- **WORK INSTRUCTION**
The word "Home" occurs in some lines of the data. Return each such line.

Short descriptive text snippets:
#####

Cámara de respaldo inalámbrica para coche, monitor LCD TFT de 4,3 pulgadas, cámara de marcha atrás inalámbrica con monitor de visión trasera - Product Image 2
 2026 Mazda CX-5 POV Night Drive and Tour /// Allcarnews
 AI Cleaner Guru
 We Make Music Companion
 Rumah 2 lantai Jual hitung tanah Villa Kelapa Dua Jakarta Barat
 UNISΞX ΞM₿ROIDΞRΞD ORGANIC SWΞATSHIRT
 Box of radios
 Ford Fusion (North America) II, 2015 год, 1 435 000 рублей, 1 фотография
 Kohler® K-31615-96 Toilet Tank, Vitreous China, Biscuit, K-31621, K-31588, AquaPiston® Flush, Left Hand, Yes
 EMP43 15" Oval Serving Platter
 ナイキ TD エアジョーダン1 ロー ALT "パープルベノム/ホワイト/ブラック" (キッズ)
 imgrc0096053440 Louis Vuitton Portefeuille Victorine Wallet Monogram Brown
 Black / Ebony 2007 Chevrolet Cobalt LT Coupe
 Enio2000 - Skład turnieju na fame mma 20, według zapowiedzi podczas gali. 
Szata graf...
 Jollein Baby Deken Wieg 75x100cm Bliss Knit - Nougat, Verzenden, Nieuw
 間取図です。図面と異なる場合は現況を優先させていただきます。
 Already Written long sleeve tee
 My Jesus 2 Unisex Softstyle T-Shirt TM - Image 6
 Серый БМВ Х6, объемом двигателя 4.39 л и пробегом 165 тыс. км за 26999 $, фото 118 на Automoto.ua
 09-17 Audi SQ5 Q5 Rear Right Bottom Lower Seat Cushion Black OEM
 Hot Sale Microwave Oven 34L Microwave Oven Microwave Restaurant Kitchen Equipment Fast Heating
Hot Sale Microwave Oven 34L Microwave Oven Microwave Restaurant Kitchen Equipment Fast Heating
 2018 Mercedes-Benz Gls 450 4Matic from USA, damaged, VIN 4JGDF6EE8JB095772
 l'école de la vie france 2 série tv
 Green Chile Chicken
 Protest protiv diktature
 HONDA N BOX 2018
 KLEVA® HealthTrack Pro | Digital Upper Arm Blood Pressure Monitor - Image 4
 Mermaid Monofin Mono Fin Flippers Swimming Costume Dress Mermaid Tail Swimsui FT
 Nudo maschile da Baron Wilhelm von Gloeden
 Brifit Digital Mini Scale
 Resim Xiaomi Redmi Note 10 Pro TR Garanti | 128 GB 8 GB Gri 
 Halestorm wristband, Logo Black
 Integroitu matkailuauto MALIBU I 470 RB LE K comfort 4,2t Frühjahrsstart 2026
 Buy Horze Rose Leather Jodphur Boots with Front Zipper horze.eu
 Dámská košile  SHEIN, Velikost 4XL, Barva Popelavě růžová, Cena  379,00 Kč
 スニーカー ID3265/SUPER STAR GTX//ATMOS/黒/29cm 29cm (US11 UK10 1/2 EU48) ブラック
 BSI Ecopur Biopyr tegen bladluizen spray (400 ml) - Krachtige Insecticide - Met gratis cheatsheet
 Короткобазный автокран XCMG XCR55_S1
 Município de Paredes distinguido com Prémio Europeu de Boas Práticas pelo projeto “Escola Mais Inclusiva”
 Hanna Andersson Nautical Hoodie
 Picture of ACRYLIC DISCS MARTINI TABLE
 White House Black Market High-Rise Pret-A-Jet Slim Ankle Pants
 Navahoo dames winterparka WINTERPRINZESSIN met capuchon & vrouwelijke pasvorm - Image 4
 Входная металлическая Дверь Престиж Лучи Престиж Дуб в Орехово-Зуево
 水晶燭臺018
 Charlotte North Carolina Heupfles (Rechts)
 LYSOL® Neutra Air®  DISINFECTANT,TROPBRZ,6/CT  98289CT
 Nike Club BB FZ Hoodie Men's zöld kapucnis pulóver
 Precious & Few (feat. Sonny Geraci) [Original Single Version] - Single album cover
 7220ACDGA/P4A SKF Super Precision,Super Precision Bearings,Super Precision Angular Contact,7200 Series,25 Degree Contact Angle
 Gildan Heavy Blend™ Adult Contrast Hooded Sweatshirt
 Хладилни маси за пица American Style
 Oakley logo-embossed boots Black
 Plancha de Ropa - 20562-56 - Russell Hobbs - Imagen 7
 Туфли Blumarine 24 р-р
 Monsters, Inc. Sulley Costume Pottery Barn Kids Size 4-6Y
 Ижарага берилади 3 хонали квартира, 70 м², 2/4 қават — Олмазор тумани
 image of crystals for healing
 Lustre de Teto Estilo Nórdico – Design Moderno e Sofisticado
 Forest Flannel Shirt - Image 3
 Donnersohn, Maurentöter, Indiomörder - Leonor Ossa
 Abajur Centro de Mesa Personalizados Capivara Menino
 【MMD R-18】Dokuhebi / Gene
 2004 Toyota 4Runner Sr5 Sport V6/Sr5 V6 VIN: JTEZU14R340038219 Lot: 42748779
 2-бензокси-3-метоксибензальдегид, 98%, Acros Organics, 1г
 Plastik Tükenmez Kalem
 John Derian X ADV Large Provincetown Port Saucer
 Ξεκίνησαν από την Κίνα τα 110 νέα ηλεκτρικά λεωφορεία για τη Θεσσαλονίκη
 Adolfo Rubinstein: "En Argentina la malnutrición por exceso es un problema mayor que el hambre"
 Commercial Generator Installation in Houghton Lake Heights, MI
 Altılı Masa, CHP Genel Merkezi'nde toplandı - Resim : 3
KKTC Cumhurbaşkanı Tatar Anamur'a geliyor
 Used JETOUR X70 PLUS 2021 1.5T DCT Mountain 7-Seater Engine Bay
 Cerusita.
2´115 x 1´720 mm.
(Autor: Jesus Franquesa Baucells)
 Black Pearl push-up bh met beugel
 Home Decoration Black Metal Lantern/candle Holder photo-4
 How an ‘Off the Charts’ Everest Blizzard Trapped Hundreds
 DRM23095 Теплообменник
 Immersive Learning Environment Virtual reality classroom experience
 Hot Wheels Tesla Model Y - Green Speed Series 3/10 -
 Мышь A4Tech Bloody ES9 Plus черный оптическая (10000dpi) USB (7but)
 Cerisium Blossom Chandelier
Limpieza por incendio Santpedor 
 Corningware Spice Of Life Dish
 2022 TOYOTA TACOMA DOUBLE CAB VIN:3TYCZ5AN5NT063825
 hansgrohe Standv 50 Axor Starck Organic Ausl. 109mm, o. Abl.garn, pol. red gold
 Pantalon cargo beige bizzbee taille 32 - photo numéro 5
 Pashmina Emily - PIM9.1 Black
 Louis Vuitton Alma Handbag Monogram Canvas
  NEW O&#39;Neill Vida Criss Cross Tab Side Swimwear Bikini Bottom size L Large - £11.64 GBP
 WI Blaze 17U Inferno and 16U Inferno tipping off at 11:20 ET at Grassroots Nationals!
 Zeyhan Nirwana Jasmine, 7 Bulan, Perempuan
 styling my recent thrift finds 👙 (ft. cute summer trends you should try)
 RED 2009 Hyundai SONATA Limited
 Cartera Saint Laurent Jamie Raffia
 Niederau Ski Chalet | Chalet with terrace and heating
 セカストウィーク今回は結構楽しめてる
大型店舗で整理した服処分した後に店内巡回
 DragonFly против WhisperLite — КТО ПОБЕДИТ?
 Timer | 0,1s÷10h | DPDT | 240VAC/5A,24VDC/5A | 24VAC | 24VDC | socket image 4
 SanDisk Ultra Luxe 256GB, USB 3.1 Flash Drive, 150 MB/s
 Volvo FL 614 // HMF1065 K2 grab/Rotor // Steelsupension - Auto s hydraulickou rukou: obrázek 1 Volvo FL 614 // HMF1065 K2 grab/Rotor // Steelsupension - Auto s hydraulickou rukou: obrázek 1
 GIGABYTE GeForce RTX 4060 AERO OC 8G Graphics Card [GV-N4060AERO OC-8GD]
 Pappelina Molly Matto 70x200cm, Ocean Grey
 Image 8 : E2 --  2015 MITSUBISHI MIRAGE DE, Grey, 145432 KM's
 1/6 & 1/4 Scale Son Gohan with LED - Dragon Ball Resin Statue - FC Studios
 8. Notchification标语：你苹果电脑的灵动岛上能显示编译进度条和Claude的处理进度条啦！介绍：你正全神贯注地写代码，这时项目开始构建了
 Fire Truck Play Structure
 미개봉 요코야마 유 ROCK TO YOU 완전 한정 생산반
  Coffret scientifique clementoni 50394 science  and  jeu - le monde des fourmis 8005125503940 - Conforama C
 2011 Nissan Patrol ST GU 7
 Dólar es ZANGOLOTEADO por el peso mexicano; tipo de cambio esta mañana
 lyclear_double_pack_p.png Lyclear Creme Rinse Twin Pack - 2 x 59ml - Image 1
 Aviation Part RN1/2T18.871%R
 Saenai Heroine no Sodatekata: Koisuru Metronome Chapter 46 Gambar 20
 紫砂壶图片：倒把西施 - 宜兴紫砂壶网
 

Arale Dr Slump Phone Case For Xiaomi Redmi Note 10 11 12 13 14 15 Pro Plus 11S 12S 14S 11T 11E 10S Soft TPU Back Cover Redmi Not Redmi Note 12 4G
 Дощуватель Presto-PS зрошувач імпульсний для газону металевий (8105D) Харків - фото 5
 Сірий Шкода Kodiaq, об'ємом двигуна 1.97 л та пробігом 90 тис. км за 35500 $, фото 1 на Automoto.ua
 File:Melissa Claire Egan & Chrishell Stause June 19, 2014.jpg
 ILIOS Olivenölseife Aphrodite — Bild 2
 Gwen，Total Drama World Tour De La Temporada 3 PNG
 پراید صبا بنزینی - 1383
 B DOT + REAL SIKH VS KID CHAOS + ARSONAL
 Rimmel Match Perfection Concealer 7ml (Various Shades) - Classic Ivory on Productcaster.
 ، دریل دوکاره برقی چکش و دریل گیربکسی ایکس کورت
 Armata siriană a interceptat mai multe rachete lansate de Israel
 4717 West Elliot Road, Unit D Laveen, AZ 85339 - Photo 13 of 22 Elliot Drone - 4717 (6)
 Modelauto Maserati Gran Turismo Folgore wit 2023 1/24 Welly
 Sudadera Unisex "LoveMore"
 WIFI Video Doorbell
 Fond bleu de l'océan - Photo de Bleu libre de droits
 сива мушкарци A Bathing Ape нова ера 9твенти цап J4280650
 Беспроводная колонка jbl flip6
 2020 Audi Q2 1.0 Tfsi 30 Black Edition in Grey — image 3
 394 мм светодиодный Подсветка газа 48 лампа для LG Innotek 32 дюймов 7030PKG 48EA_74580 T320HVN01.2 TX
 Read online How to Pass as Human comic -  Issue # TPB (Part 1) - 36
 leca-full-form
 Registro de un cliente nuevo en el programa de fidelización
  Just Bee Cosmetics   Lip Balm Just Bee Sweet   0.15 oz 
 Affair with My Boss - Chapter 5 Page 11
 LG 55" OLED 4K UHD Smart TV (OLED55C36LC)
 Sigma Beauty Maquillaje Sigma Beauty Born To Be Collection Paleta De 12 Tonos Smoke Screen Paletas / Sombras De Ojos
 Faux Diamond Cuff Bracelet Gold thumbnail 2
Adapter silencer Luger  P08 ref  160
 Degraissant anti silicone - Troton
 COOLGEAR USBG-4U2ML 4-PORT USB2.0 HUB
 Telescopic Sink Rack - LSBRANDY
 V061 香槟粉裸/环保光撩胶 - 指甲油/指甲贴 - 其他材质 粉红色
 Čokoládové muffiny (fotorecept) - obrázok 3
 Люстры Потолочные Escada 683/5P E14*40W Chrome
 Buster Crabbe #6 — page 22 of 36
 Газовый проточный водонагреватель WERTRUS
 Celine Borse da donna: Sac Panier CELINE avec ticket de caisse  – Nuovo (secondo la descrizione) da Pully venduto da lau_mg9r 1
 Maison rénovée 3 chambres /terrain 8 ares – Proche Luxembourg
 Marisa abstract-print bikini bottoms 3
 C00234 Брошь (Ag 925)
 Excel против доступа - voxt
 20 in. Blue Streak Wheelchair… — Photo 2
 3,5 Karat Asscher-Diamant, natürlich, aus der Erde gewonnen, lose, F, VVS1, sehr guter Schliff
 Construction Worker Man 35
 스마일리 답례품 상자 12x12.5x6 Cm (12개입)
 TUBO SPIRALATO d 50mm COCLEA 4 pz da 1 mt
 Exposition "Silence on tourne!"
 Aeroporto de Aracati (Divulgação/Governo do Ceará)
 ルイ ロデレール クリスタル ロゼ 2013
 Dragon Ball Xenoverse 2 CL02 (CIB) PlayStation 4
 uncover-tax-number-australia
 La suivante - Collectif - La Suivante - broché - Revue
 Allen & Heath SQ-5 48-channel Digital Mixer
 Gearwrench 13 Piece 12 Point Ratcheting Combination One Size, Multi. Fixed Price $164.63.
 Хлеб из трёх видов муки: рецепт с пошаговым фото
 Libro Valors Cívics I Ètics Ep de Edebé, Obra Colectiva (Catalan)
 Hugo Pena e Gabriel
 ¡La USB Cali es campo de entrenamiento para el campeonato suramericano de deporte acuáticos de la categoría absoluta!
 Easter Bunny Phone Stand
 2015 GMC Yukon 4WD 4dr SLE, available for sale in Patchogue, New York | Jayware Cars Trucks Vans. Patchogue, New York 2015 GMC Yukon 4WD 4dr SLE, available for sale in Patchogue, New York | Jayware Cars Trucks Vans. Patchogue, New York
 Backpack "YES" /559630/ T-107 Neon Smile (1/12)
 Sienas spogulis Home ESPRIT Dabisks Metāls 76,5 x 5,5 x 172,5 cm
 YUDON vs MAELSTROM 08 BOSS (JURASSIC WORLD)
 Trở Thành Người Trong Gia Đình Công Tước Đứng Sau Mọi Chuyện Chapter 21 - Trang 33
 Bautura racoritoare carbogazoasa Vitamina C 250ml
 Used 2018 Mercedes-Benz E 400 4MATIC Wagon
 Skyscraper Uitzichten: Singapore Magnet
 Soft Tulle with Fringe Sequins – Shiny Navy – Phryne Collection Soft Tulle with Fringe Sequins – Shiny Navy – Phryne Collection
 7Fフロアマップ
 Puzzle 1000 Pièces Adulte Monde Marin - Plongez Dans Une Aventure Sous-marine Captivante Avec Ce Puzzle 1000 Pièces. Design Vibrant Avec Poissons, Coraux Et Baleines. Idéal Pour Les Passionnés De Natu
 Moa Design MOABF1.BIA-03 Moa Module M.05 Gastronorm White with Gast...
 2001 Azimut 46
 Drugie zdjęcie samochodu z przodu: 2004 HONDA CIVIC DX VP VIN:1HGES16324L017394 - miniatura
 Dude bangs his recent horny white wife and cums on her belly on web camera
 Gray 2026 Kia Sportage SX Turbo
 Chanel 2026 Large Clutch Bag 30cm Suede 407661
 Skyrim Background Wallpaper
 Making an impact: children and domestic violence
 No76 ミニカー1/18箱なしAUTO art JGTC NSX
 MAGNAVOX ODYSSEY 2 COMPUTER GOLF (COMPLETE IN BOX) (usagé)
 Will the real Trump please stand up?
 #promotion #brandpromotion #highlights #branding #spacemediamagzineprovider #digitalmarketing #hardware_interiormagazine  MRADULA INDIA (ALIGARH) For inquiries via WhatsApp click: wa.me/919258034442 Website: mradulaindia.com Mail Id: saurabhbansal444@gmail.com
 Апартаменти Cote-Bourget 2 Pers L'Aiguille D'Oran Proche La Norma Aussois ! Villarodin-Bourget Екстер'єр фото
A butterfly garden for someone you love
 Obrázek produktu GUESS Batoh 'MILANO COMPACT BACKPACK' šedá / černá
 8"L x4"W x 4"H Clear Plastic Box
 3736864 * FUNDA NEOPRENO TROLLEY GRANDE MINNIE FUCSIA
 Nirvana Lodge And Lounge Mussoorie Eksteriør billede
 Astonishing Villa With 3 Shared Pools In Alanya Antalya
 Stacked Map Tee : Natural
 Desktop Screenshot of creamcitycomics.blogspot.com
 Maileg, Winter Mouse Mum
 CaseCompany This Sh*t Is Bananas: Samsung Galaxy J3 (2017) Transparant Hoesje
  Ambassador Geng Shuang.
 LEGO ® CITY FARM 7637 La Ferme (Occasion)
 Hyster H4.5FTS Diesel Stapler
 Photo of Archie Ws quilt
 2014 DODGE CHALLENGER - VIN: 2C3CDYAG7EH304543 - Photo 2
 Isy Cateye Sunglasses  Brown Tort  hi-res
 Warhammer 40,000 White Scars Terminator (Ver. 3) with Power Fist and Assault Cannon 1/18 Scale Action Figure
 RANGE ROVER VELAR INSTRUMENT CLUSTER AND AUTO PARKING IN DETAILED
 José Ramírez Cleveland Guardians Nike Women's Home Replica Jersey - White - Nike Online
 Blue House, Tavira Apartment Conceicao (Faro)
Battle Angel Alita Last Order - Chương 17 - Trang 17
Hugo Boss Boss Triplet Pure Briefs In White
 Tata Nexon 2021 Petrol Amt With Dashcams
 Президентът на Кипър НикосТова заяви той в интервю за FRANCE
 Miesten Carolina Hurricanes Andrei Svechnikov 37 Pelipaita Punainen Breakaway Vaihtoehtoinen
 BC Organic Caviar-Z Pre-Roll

#####

- **SOLUTION FOR THIS EXERCISE**
 Home Decoration Black Metal Lantern/candle Holder photo-4
 Sienas spogulis Home ESPRIT Dabisks Metāls 76,5 x 5,5 x 172,5 cm
 José Ramírez Cleveland Guardians Nike Women's Home Replica Jersey - White - Nike Online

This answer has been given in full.